I think this all boils down to the thinking that a temperature signal in a locale proxy can potentially be overcome with other factors. I am not sure that I see how averaging a very weak signal over several proxies is necessarily going to bring that signal out. I think it is a given that proxies can be grouped together by selective processes to show just about any “temperature signal” you want to show and that process does not prove that there is a (extractable) signal in the proxies.

My other point is that climate scientists have used spatial and temporal correlations of temperatures from stations to impute missing data points in space and time in attempts to estimate the uncertainty in instrumental temperatures (and trends) due to incomplete coverage. If these relationships are greatly weakened by noise added to the temperature signal as would be the case for proxies then the uncertainty of the already sparse data we obtain, for even extensive reconstructions, would be greatly increased. I do not believe that climate scientist consider this point in dealing with reconstruction uncertainties.

http://www.people.fas.harvard.edu/~tingley/Blakeley_Discussion_Tingley_Submitted.pdf

## AMac said

Re: Kenneth Fritsch (Dec 7 16:05),

It’s always good to avoid reinventing the wheel. Are there any cites to articles in the dendro literature where folks have considered the problem of where proxy-data “red noise” comes from? I find it hard to believe that such a basic and important question would have been neglected by an entire field.

Until reading your post, the way I’d been imagining one could approach this was different. Take a bunch of series where there is (and should be) a strong correlation with the local instrumental record. Say, stand of near-treeline Siberian larches. Now take a bunch of similar series where there isn’t (and shouldn’t be) a similar strong correlation. Say, a stand of larches from a few hundred km to the south. Or, for a montane indicator species, choose a stand that’s a few hundred meters lower in elevation.

Characterize the temporal autocorrelation, as ARMA (x,x) (etc.), and quantitate its magnitude.

Steve McI would predict that treeline-near and treeline-far stands would show similar patterns of red noise.

Gavin would predict that the redness is restricted to treeline-near stands.

Separate issue: it seems to me that the meaning of “signal” should be nailed down early in the discussion. With respect to paleotemperature reconstructions, is “signal” anything that’s climate-related, including precipitation, days of growing season sunlight, and wind? Or, since we are discussing temperature, is “signal” restricted to that part of the treering series data that tracks with the local instrumental record?

## AMac said

Re: Kenneth Fritsch (Dec 7 16:05),

I scanned the Martin Tingley piece you linked. As far as the main issue of concern that I (as an outsider) see with proxy-based paleoclimate reconstructions, his analysis is inadequate. He proves that “The LASSO gives inferior results in [certain] situations…” But what are these? They are “situations where each of a large number of predictors is only weakly correlated with the target series, but the mean across all predictors is highly correlated with that target.”

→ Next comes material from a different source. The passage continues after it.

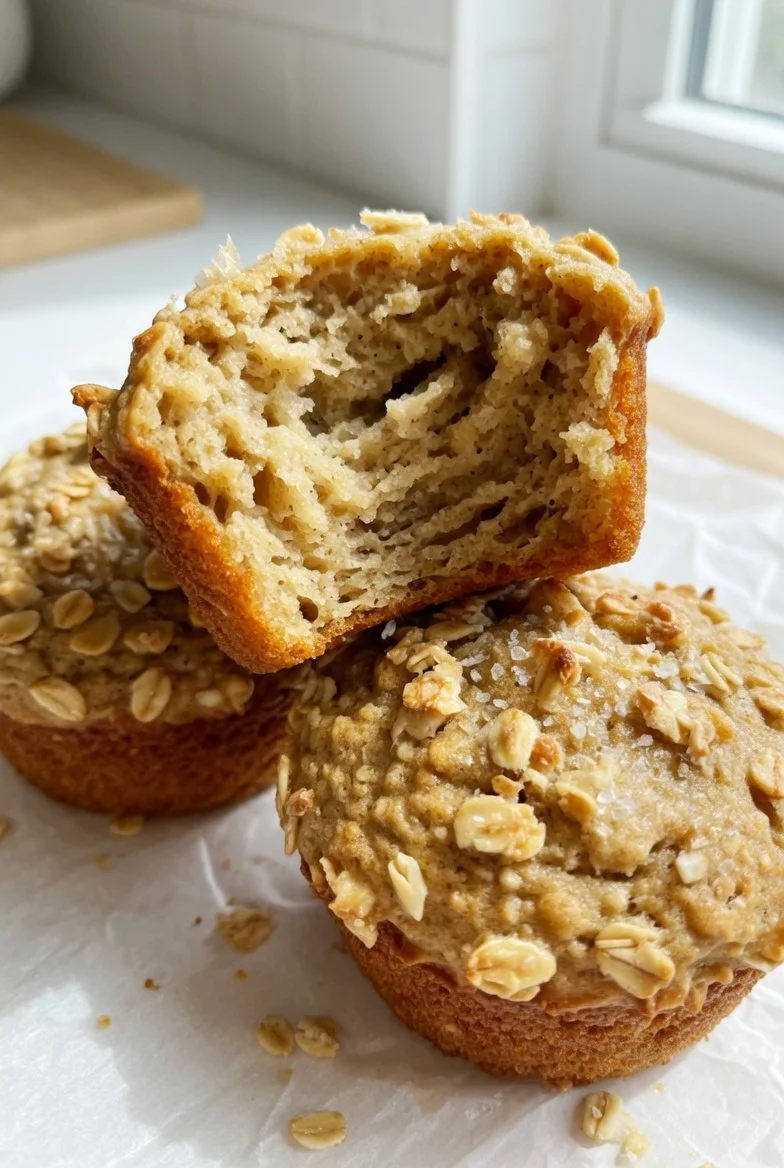 Gesunde Bananen-Haferflocken-Muffins auf einem Frühstückstisch.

“Maximizing the signal that is present” is a high-priority goal for a paleo reconstruction.

“Ensuring that noise is not mis-identified as signal and then processed as such” strikes me as the necessary handmaiden, if methods are to produce meaningful reconstructions.

Tingley has constructed his pseudoproxies so that they contain predictors that are weakly correlated with a known target series. OK, fine. But some of the elephants in the room are those data sets that are thought to contain correlated predictors — but do not. (Another problem is posed by data sets that indeed contain correlated predictors, but which are excluded from analysis.)

## Kenneth Fritsch said

I am definitely using signal to mean temperature and I think that most reconstructions we discuss here are looking for temperature (trend) indicators. I have seen references to climate indicators but I always thought that was a scientist being coy. Of course I may find that the W in AGW means not Warming but Wetness or even Whatever.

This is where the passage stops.